(Records from a dataset)

━━━━━━━━━━━━━━━━━━━━━━━━━━━━━━

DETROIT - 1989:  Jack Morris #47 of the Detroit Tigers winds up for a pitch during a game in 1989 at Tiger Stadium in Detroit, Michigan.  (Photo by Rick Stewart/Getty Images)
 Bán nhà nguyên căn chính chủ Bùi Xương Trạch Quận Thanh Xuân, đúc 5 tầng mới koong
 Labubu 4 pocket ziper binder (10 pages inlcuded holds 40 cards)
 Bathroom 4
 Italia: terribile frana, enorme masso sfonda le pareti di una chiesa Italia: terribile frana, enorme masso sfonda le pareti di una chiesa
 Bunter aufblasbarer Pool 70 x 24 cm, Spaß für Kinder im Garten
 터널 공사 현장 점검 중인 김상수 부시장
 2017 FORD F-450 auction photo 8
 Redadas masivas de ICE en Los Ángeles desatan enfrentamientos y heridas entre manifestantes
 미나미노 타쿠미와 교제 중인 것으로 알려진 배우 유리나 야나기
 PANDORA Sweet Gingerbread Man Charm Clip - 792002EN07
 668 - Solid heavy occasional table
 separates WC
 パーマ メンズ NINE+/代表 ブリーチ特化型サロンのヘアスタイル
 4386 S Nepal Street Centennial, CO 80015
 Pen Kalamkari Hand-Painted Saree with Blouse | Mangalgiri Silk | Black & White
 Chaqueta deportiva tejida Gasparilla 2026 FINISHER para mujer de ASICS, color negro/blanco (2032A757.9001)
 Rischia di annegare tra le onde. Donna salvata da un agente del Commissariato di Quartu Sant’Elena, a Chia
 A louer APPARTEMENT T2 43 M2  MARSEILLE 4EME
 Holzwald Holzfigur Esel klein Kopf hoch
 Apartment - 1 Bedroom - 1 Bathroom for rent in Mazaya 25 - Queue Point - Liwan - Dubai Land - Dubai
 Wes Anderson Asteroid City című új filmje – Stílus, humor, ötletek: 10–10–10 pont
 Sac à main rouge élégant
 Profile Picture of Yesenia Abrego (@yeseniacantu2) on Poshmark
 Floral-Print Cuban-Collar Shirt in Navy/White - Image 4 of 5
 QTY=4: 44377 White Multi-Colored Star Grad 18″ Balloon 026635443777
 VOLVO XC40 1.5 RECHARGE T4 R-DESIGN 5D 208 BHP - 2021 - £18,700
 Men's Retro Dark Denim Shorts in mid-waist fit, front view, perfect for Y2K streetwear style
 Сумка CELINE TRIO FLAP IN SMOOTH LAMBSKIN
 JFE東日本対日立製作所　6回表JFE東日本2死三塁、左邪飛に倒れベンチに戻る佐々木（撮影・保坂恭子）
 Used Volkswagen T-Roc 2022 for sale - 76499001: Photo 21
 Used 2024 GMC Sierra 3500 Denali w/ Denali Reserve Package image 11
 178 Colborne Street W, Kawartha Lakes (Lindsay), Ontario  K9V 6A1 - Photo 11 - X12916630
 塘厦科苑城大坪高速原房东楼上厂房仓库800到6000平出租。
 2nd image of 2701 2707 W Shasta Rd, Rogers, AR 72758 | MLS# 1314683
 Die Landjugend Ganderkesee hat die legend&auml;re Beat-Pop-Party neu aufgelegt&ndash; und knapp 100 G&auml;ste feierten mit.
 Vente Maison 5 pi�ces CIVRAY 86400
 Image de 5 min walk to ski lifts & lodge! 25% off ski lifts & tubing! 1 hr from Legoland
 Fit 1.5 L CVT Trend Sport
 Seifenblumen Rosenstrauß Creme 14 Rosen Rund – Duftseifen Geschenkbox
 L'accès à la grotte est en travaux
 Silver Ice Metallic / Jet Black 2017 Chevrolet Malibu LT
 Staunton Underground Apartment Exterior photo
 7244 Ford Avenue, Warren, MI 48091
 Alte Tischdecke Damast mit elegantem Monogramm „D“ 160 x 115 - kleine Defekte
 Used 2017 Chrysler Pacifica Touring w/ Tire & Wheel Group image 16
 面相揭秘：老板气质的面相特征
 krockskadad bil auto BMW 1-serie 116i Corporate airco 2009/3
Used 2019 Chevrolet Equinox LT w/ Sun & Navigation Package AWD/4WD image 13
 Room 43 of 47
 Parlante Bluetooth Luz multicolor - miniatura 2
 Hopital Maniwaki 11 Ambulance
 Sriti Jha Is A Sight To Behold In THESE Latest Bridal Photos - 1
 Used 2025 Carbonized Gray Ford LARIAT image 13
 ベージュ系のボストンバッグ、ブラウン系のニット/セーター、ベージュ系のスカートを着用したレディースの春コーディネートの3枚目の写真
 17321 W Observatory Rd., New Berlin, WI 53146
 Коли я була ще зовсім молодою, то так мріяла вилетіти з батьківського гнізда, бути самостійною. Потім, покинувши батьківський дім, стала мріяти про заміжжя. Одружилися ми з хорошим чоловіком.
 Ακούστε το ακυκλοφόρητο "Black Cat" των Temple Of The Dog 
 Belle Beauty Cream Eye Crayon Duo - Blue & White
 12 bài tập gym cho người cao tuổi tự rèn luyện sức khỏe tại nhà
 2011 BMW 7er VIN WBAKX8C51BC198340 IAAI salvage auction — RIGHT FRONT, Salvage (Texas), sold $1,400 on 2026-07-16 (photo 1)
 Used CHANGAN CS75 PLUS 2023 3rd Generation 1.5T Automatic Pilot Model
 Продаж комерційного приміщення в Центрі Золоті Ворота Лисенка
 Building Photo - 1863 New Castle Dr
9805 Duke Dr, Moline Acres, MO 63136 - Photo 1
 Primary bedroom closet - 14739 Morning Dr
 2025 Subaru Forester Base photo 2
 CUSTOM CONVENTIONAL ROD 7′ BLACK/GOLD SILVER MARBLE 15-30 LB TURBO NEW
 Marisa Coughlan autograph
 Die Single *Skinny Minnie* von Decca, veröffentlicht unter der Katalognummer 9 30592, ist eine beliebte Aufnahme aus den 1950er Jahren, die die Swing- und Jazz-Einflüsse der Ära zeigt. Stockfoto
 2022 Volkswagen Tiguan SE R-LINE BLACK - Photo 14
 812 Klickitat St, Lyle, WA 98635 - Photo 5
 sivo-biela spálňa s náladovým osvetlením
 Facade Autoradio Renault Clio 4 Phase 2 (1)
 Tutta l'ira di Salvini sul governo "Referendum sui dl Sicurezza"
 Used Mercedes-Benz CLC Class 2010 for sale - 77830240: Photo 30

━━━━━━━━━━━━━━━━━━━━━━━━━━━━━━

**Exercise objective:**
Write out exactly the lines above from the line with "Ακούστε το ακυκλοφόρητο" through the line with "9805 Duke Dr, Moline", both of them included, and leave out all other lines.

**Answer to the problem:**
 Ακούστε το ακυκλοφόρητο "Black Cat" των Temple Of The Dog 
 Belle Beauty Cream Eye Crayon Duo - Blue & White
 12 bài tập gym cho người cao tuổi tự rèn luyện sức khỏe tại nhà
 2011 BMW 7er VIN WBAKX8C51BC198340 IAAI salvage auction — RIGHT FRONT, Salvage (Texas), sold $1,400 on 2026-07-16 (photo 1)
 Used CHANGAN CS75 PLUS 2023 3rd Generation 1.5T Automatic Pilot Model
 Продаж комерційного приміщення в Центрі Золоті Ворота Лисенка
 Building Photo - 1863 New Castle Dr
9805 Duke Dr, Moline Acres, MO 63136 - Photo 1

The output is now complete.